Exercise requirements:
What you return must match the listing exactly, with every image removed.

Records for the task:
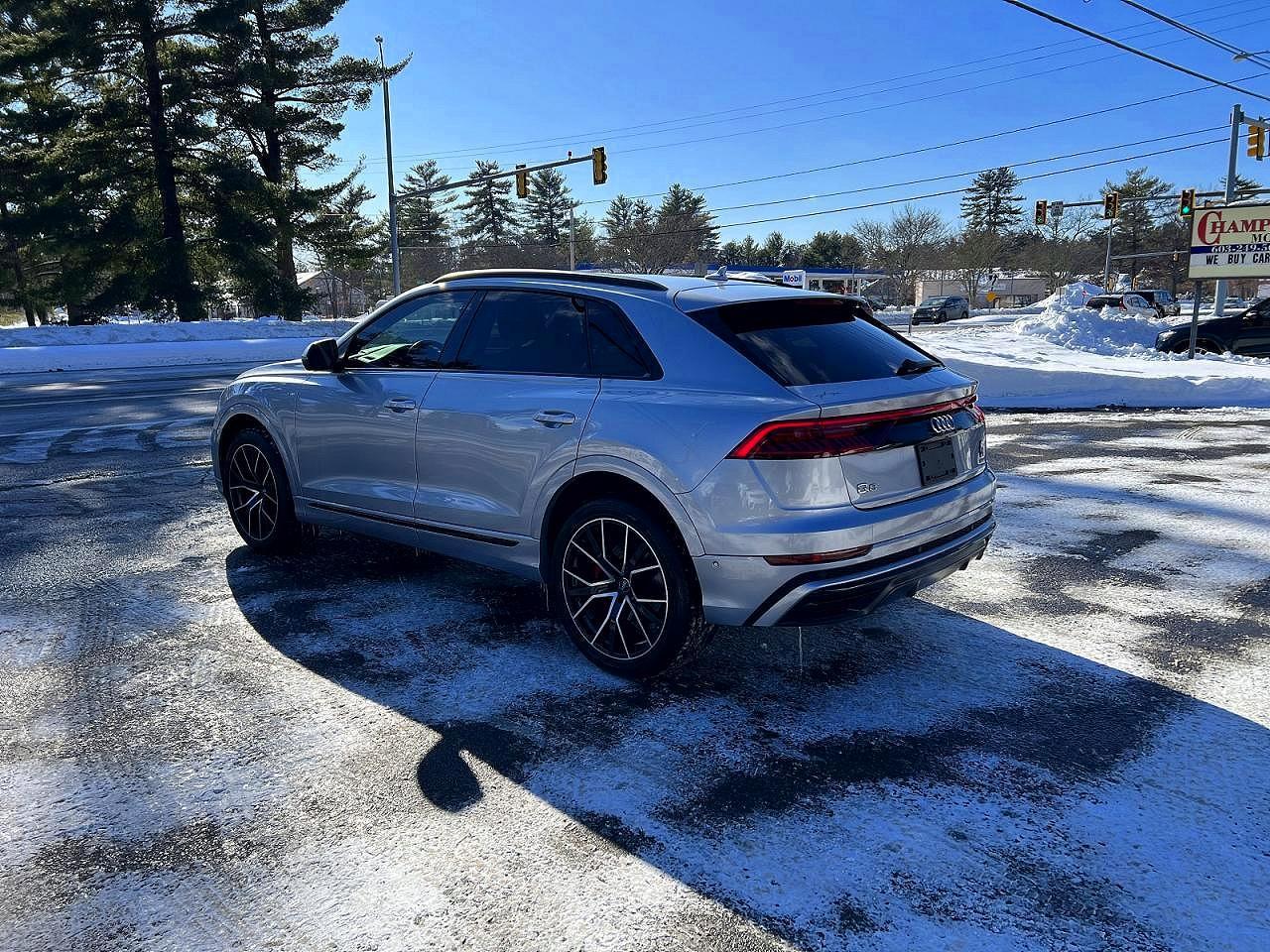 2019 Audi Q8 Prestige S-Line - Фото 3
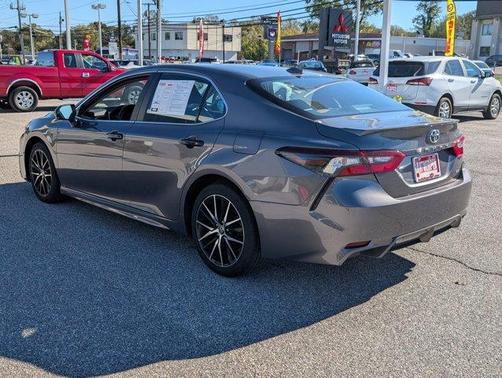 2023 Toyota Camry SE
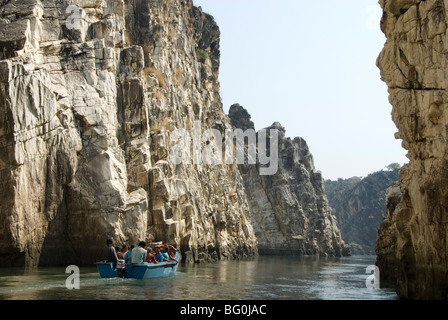 Imbarcazione turistica nelle rocce di marmo Gorge, sul fiume Narmada, Bhedaghat, Jabalpur, Madhya Pradesh, India, Asia Foto Stock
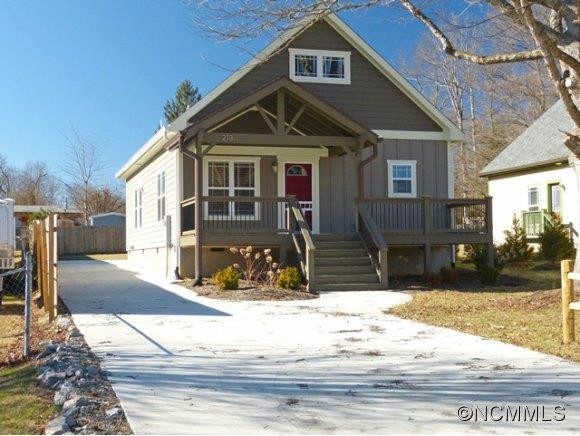 213 East College Street - Photo 18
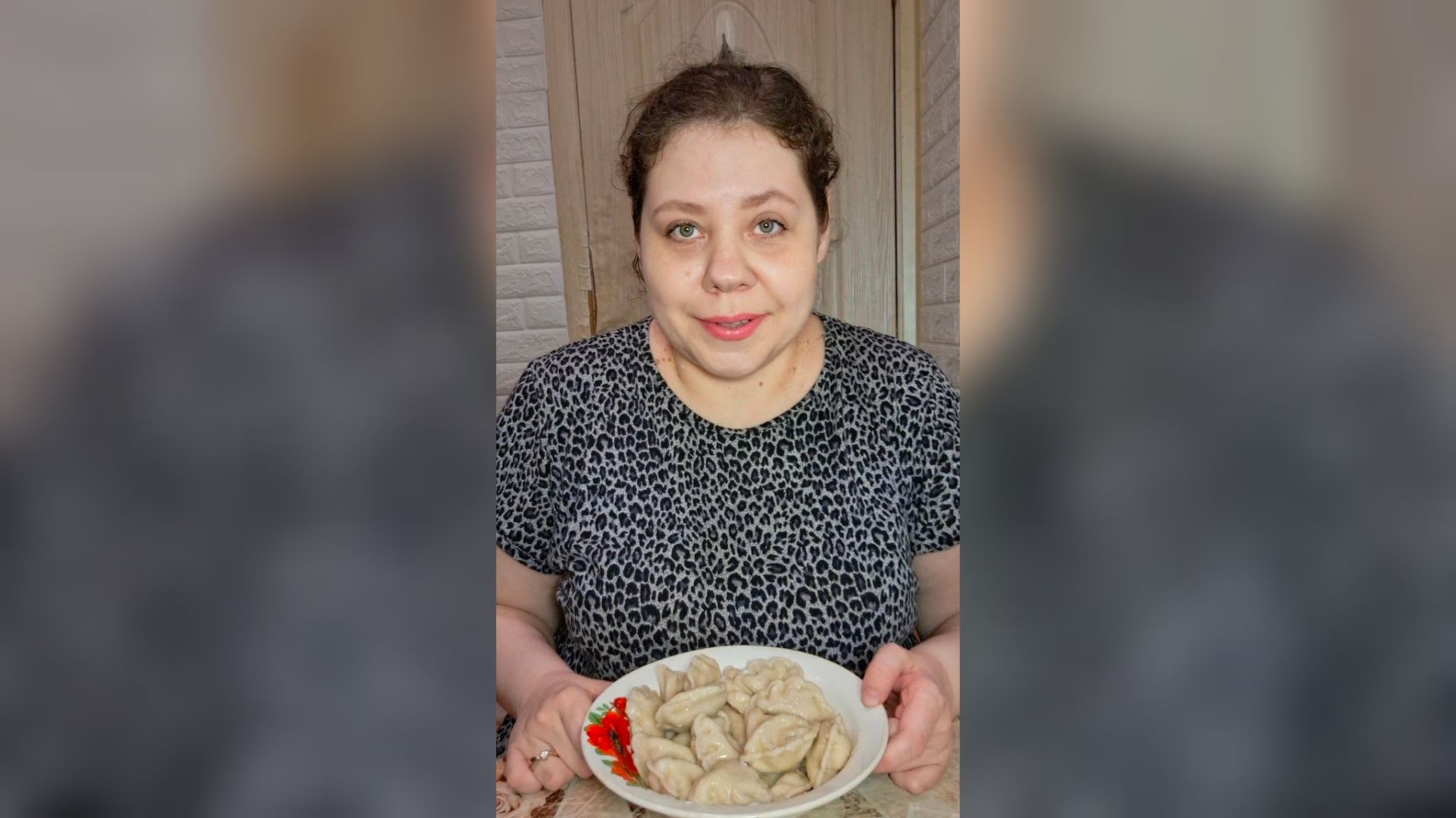 Мукбанг Вареники с творогом/Старик платил ей. Ни стыда, ни совести смотреть онлайн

Written answer:
 2019 Audi Q8 Prestige S-Line - Фото 3
 2023 Toyota Camry SE
 Imbarcazione turistica nelle rocce di marmo Gorge, sul fiume Narmada, Bhedaghat, Jabalpur, Madhya Pradesh, India, Asia Foto Stock
 213 East College Street - Photo 18
 Мукбанг Вареники с творогом/Старик платил ей. Ни стыда, ни совести смотреть онлайн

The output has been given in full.